## INSTRUCTIONS FOR THE TASK
Two lines in the listing below mark the span: one contains "компрессор кондиционера Hyundai" and one contains "Viet Nhat Halong". Reproduce both of them and everything between, exactly.

--- RAW DATA ---

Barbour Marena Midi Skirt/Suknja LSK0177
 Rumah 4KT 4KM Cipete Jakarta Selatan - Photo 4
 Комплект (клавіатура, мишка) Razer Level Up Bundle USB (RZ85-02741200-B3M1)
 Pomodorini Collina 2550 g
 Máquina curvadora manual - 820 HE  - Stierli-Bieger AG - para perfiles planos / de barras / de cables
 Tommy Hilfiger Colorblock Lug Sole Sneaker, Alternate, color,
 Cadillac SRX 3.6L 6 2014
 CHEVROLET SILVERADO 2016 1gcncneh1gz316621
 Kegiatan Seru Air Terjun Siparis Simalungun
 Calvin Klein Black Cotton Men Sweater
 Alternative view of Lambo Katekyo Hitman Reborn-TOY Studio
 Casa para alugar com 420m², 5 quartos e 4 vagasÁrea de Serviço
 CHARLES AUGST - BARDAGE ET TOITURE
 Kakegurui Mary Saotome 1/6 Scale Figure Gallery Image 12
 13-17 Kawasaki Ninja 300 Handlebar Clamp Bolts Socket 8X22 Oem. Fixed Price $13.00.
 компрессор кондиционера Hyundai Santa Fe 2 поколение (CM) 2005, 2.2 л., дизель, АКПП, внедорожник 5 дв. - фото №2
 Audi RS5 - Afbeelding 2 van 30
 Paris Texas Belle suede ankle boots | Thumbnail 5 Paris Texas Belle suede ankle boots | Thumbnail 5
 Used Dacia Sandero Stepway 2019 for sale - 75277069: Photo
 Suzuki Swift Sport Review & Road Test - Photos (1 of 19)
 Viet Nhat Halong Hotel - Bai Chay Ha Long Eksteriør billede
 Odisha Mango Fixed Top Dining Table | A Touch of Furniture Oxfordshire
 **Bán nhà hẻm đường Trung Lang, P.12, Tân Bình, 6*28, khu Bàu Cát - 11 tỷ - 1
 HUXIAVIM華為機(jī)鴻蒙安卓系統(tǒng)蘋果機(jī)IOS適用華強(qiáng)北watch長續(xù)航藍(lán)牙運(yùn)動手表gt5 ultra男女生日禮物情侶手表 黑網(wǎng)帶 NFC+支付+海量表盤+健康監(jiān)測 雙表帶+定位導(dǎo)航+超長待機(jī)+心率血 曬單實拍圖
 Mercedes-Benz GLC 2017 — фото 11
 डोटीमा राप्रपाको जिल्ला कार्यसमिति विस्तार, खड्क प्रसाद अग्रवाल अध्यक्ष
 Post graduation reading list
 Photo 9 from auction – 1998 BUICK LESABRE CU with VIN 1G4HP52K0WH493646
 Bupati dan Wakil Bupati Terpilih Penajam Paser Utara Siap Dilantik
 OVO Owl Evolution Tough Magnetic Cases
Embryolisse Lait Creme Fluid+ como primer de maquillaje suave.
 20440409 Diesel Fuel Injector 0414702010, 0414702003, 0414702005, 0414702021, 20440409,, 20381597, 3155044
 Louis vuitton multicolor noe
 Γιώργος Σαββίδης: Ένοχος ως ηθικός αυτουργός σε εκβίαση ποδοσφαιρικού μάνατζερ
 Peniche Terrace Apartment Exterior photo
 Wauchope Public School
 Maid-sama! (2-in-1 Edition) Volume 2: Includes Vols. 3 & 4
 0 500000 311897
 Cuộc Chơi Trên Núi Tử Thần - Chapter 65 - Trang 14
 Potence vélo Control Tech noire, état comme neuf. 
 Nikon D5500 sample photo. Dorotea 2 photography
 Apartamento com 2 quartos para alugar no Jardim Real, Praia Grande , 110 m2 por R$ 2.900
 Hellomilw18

---

## FINAL ANSWER
 компрессор кондиционера Hyundai Santa Fe 2 поколение (CM) 2005, 2.2 л., дизель, АКПП, внедорожник 5 дв. - фото №2
 Audi RS5 - Afbeelding 2 van 30
 Paris Texas Belle suede ankle boots | Thumbnail 5 Paris Texas Belle suede ankle boots | Thumbnail 5
 Used Dacia Sandero Stepway 2019 for sale - 75277069: Photo
 Suzuki Swift Sport Review & Road Test - Photos (1 of 19)
 Viet Nhat Halong Hotel - Bai Chay Ha Long Eksteriør billede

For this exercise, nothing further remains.